At least a bicubic interpolation scheme for geometric transformations would be wonderful. (Don’t see it on the impressive listings.)


Great idea! I just added it to the wish list. However, while linear interpolation is built-in to OpenCL, bi-cubic is not. Thus, the effort might be substantial to make this work while keeping high performance.
Thanks for the suggestion! :slightly_smiling_face:

1 Like

To fulfill this basic request may require substantial investments but isn’t this what science is about? Just using what’s there is …

TransformJ provides various flavours of cubic interpolation and it even provides a quintic scheme.

1 Like

Yep, but dev time is limited, so something being worked on might be several other somethings not being worked on!


A while ago we had a short discussion a while ago about a temporal median filter with regards to an implementation I did on the GPU using clij and some custom OpenCL code at the Holhbein lab.

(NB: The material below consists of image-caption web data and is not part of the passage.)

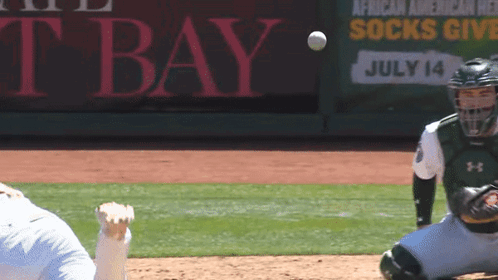 A Baseball Player Catches A Ball In Front Of A Sign That Says African American Relief Socks Give July 14 GIF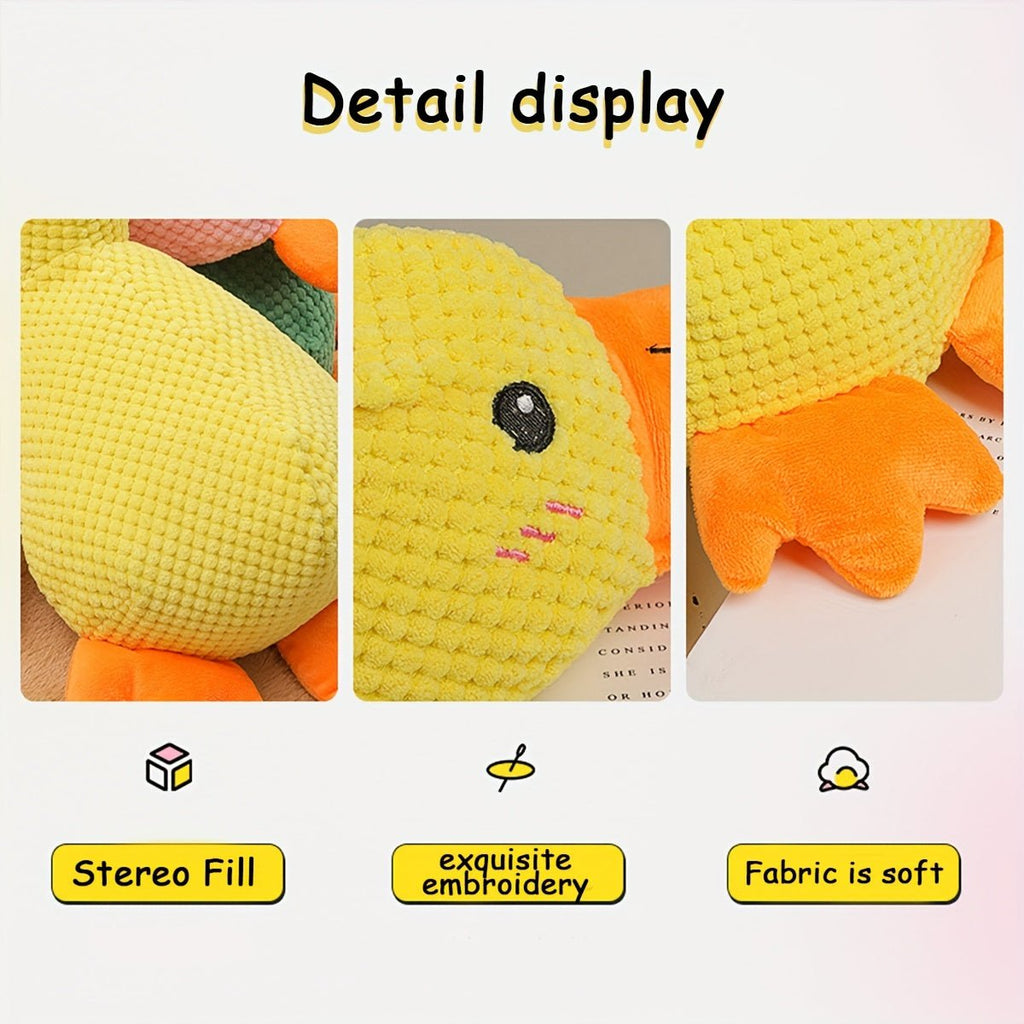 Yellow duck plush toy detail close-ups of embroidered face and orange feet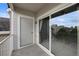 Outdoor balcony featuring a sliding glass door entrance and neighborhood views at 15700 E Jamison Dr # 3-307, Englewood, CO 80112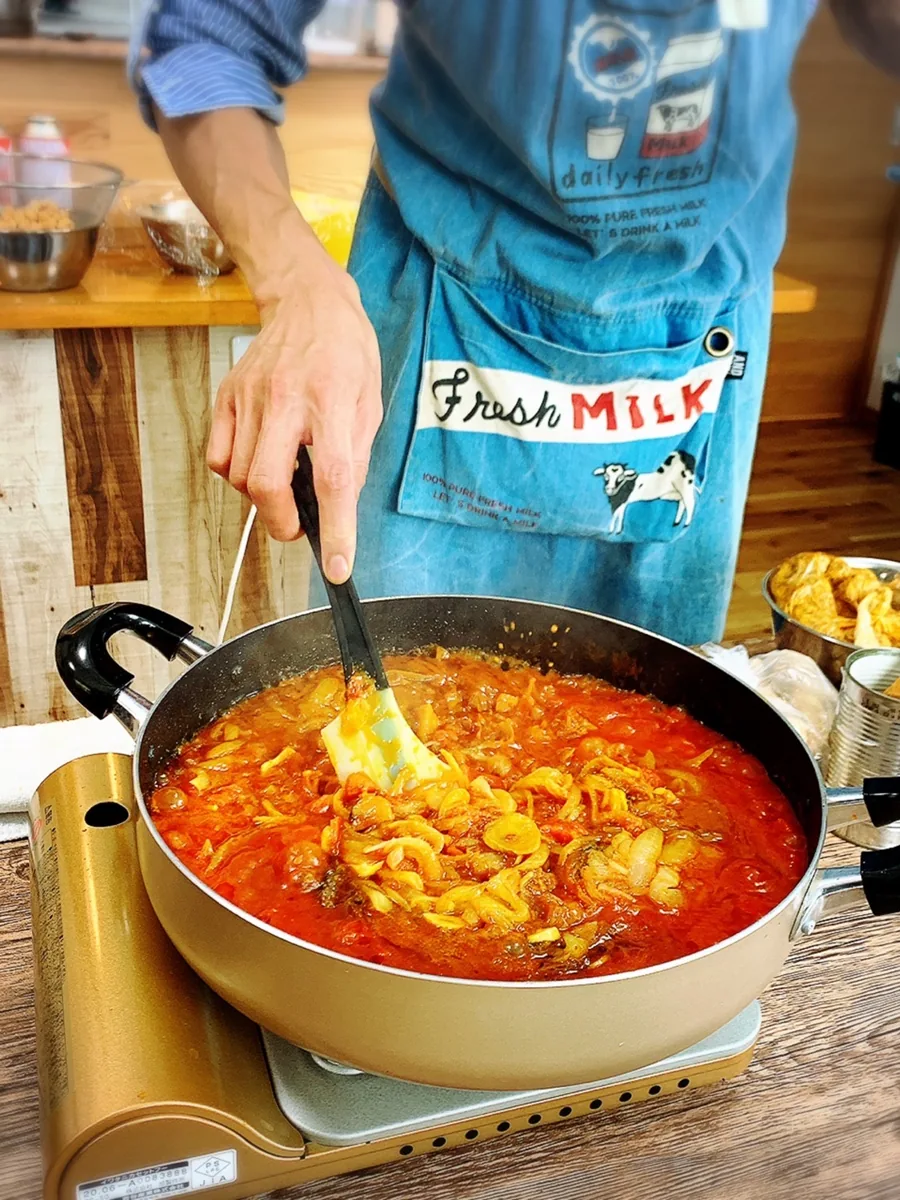 鍋でソースを試作しながら味を調整している様子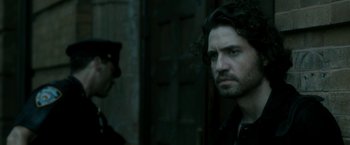 Movie still from “Deliver Us from Evil” (2014), directed by Scott Derrickson – A man standing next to another man in front of a building; Close Up shot, Over the shoulder angle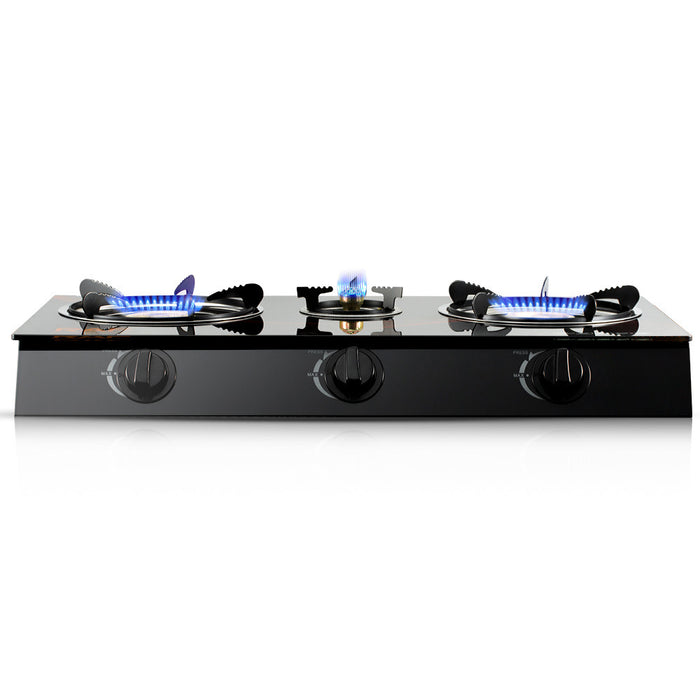 Three-burner gas stove with visible flames on a white background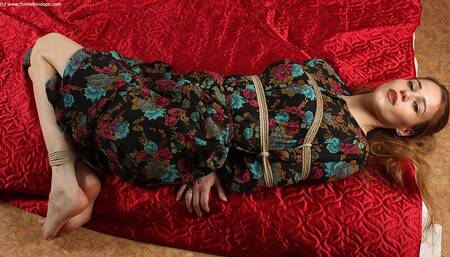 Anne: barefoot girl in flower dress, hogtied on the floor with hemp rope, wiggles and poses (HD MP4)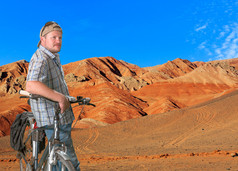 旅游人站立与在高原上的一辆自行车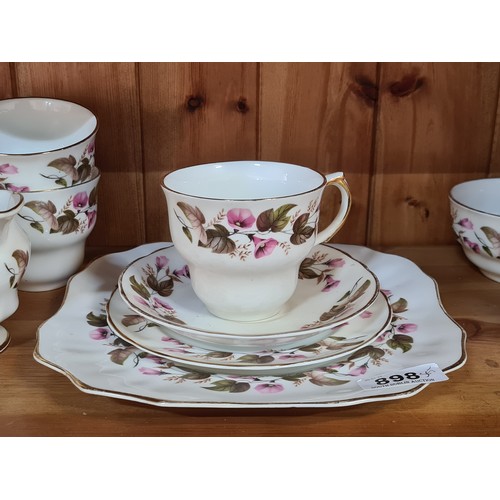 898 - A 40 piece Arklow pottery tea service featuring cups, saucers, side plates, sandwich plate, creamer ... 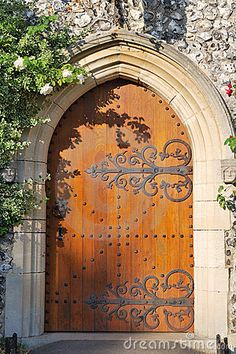 an old church door with vines growing over it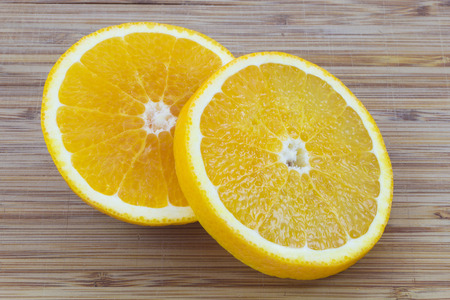 Two delicious orange slices on woodの写真素材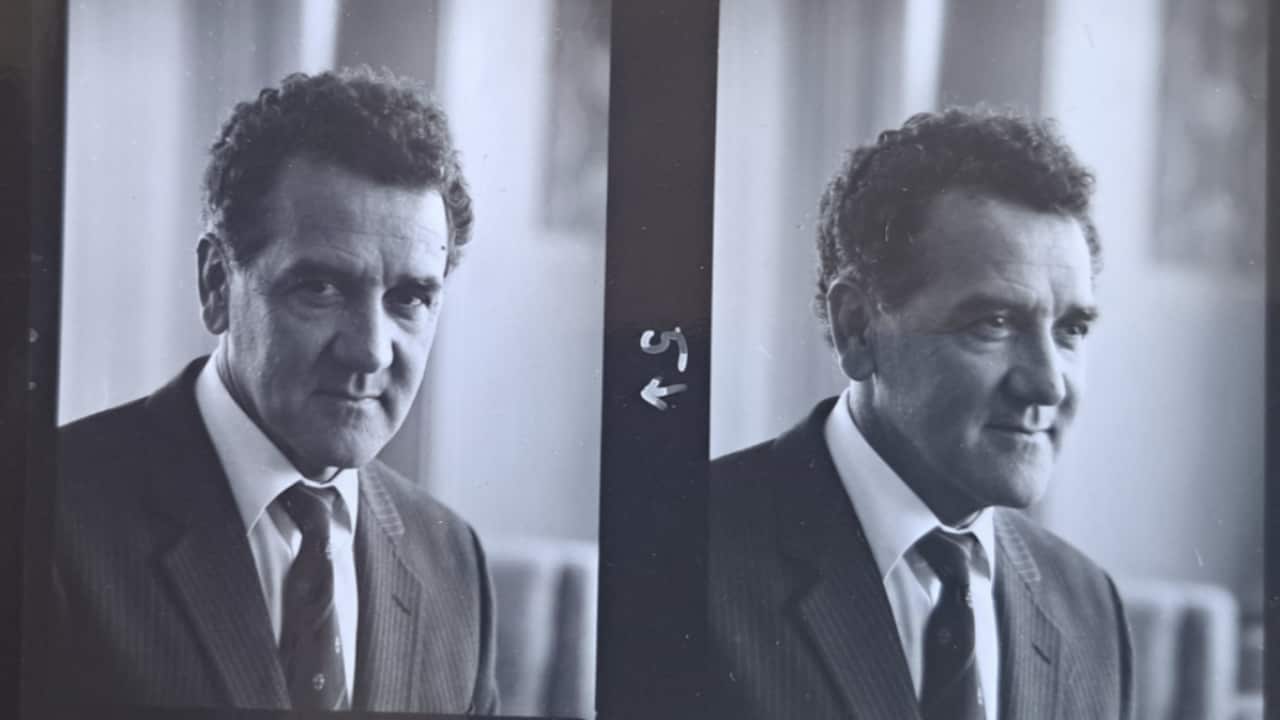 Two black-and-white images of Charles Perkins, wearing a suit.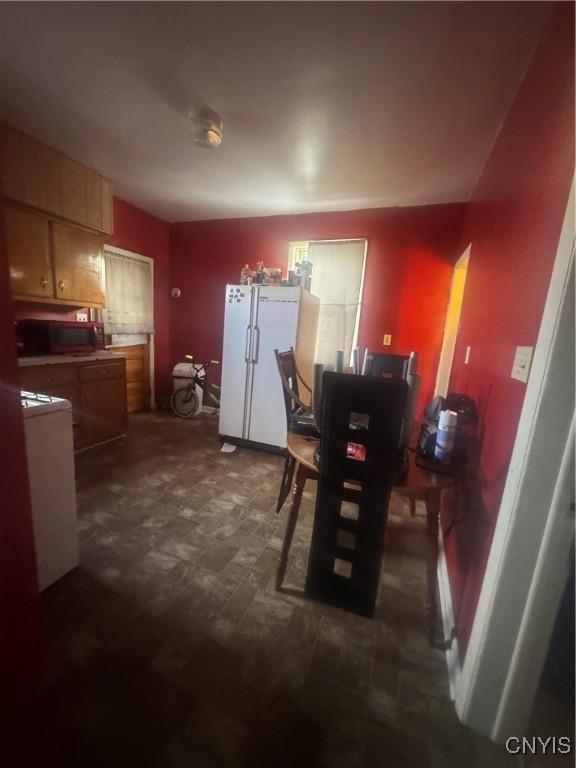 748 Jay St, Utica, NY 13501 - dining room with dark floors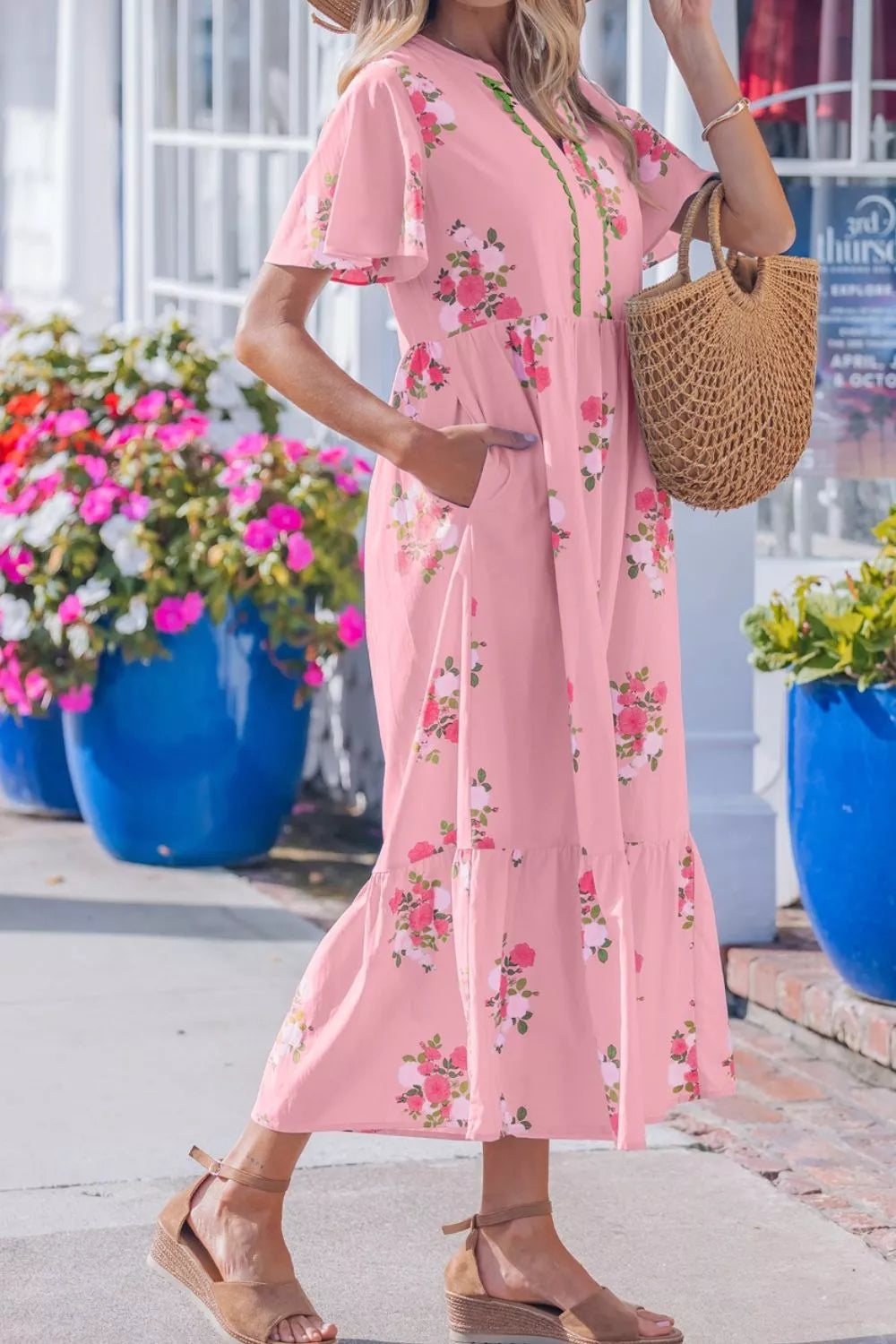 Woman in a pink floral dress holding a woven bag, standing in front of colorful flowers and a building.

I think that a proper GPU implementation will still be magnitudes faster and was wondering if one of the features mentioned in the poll was something with regards to an expanded medianZProjection.

If there is some interest (i would be willing to help with an implementation) I can post a detailed workflow in an issue on git (based on my depracted implementation).

Since I also work with rather large datasets, i was wondering if integration with GPUDirect Storage is already present/planned?

1 Like

Hey @DrNjitram ,

amazing initiative, thanks for reaching out!

I quickly went through your code and only found a median-z-projection is there a reason why you are not using the median-filter? Maybe I’m misunderstanding your project though. You do background-subtraction using a median-filter, right?

Regarding potential speedups: We recently did a project with two students (thanks Felix and Hannes!) about benchmarking of some operations in CLIc, CLIJs C++ sibling, made by @StRigaud. It turned out that mean-x-projections are faster than mean-z-projections, at least above a given stack size. Likely that’s related to how pixels are stored in memory.

The question would now be if a Median-X-projection is also faster. We also would need to investigate how much time an axis transposition would take in the context of realistic image sizes. A similar question arises for median-filters in X and Z.

If you could spend some time on this, I owe you a drink! It should be pretty straight-forward to take the java implementation of the MedianZProjection and its corresponding OpenCL-part, put them into a CLIJ2-plugin-template and turn it into a Median-X-Projection. Taking a look into the Mean-X-Projection and its OpenCL-counterpart might help as well.

From this median-x-projection it would then again be pretty straight-forward to program a sliding window that goes in x and computes the median of sub-stacks. I would recommend doing this in the GPU, using OpenCL to avoid repetetive data transfer.

I’m afraid this special memory access is restricted to NVidias CUDA technology and recent GPUs. However, I think if you can wrangle your data before pushing it to the GPU, transfer time can be optimized also without exploting vendor specific stuff. How large are your images? Do they fit in computer RAM?

We can also have a virtual meeting and discuss details.

Let me know if I can help you!



Hey Robert,

I dont recall the exact reason why i did certain things, it has been a few months and i have been busy with some other projects.

Why i am not using the median filter i wasnt sure, it might have been it was overlooked. The crux was iirc mostly loading data in and out of the GPU in batches. this also answers another question regarding the data size, as datasets could reach >20GB, more than some computers have (~16GB).

It was a rather complex application so I would love to have a quick discussion about the subject!

1 Like

Hi @haesleinhuepf,

I didn’t know about this “Wish List”!
I opened a few new “issues”!